On November 24, 2025, Revolut closed a massive secondary share sale, valuing the London-based neobank at an astonishing $75 billion. That’s a 66% jump from its last valuation placing Revolut among the world’s most valuable private tech companies, outranking giants like SpaceX, Stripe, and nearly every major European financial institution.

But the most surprising part?
Some of the world’s most powerful tech investors are now fighting for a piece of what skeptics once dismissed as “just another banking app.”

The Deal That Shocked Wall Street

 

The sale was co-led by an elite group of investors including Coatue, Greenoaks, Dragoneer, and Fidelity. But the shocker that grabbed global headlines was the participation of:

  • Andreessen Horowitz (a16z)

  • Franklin Templeton

  • Nvidia’s NVentures

Yes—Nvidia, the AI chip titan dominating Wall Street and driving the global AI boom, is now investing in a neobank.

This wasn’t a traditional fundraise. No new money went into Revolut’s accounts. Instead, existing shareholders sold their stakes to new investors—a sign that major financial players were eager to buy in, even if it meant purchasing shares from insiders rather than funding Revolut directly.

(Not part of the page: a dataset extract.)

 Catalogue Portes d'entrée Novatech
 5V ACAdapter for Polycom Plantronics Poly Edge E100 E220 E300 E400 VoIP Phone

For early backers, it was a massive payday.
For new investors, it was a statement: Revolut isn’t just a fintech—it’s the future of finance.

 

Revolut is bringing credit card benefits to debit customers | WIRED

From Travel Card to Global Financial Super-App

Revolut’s origin story is almost humble.

Founded in 2015 by Nikolay Storonsky and Vlad Yatsenko, the startup began with a simple mission:
make international currency exchange cheaper for travelers.

Revolut launched as a prepaid debit card offering interbank exchange rates—a lifesaver for frequent travelers tired of being overcharged by traditional banks.

But what followed was something even Revolut might not have fully predicted.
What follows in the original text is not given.